Now, it's been a while since I played any game remote to this sort of game. I figured that the kids were "pretending" to be construction workers, so I'd "pretend" to have a hole on my roof.

I didn't know that they were dead serious about fixing this imaginary hole in my roof and even more serious about receiving a thousand dollars for their services.

A thousand dollars CASH.

"Well, I don't really have a hole in my roof," I stammer, thus ruining the entire illusion of pretend play. "I just said that because I thought you guys were playing."

"We're not playing," Brock said. "This is our new business."

"Well then," I said. "I don't have any work for you to do."

"Do you need a new porch?" Wyatt asks desperately.

Here's where I made my mistake. I underestimated these kids.

"Yeah sure," I said. "I need a new porch. Go build me a new porch."

At this point, I go inside to change clothes.

I go inside and there's a few phone messages. I return the messages and talk for a minute or two.

I start the grill for some delicious pork tenderloin.

I seemingly do about a hundred things BEFORE I go check on these boys.

I open the front door and am horrified.

Brock is wildly swinging a real hammer on the bricks on my front porch.

"BROCK! NO!!" I practically scream.

Brock stops.

"You said you wanted a new porch, sir," Wyatt reiterates.

"Okay look ... I was kidding," I said, trying not to call them both "motherfuckers" in the process. "I thought you guys were playing like you were construction workers and I was playing like I was your customer. But I don't want any real work done on my house. So please ... quit hammering on my porch."

Wyatt, ever the entrepreneur, says "Well, can we have ten dollars?"

"I don't have ten dollars," I said. "I never have cash. I use a check card for everything."

"What's a check card?" Wyatt asks.

I really didn't want to go into the intricate details of electronic banking with an eight year-old and a pissed off four year-old with a hammer in his hand.

"Look guys, I have to cook dinner," I said. "So y'all need to go play somewhere else, okay?"

"Okay," Wyatt said. "Bye Mr. Bob."

"Bye guys," I said, closing the door.


So I'm in the back yard, grilling these delicious pork tenderloins, enjoying the soft strains of Queen's "A Night At The Opera" and enjoying life as I know it.

I hear a faint scraping sound.

I think nothing of it.

I'm kicked back on the lounge chair, sipping an ice cold Diet Dr. Pepper and singing along to "Love Of My Life" when Susie pulls up in the garage and walks to the back patio.

"What are Wyatt and Brock doing on the front porch?" she asks.

Naturally, I panic.

I bolt up out of my chair, run through the house, get to the front door and throw it wide open.

Brock.

The kid is four years old. If you walk away from this diary today with any semblance of knowledge...know this: A four year old kid is capable of being possessed by Satan.

I told Brock to stop hammering on the bricks on my porch, right?

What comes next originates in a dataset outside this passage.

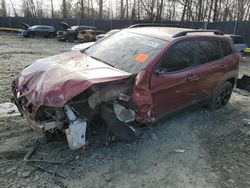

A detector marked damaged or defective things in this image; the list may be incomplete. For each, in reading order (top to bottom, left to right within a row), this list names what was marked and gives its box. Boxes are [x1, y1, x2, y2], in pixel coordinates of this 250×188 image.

shattered windshield [85, 30, 167, 73]
damaged red suv [12, 25, 240, 149]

...But I never said anything about not scraping away at the bricks with the claw of the hammer.

Which is precisely the activity that Brock is currently engaged in.

One red brick on my front porch is now a dull shade of white from his scrapefest.

"BROCK!" I bark. "Do NOT do that! You are tearing up my bricks!"

"But you said you wanted a new porch," Brock says.

"I said I was PRETENDING to want a new porch," I remind him. "I do NOT want a new porch. I do NOT want a new roof. I do NOT want anything done to my house, my property, my family or myself. Now please, you guys go ride your bikes or go work on your own houses."

Hindsight being 20/20, I really should have threatened telling their parents. Except that these two didn't see anything wrong with the fact that they were destroying my home brick by brick.

I dunno.

I'm just too damned young to be the Mr. Wilson to these kids' Dennis the Menaces.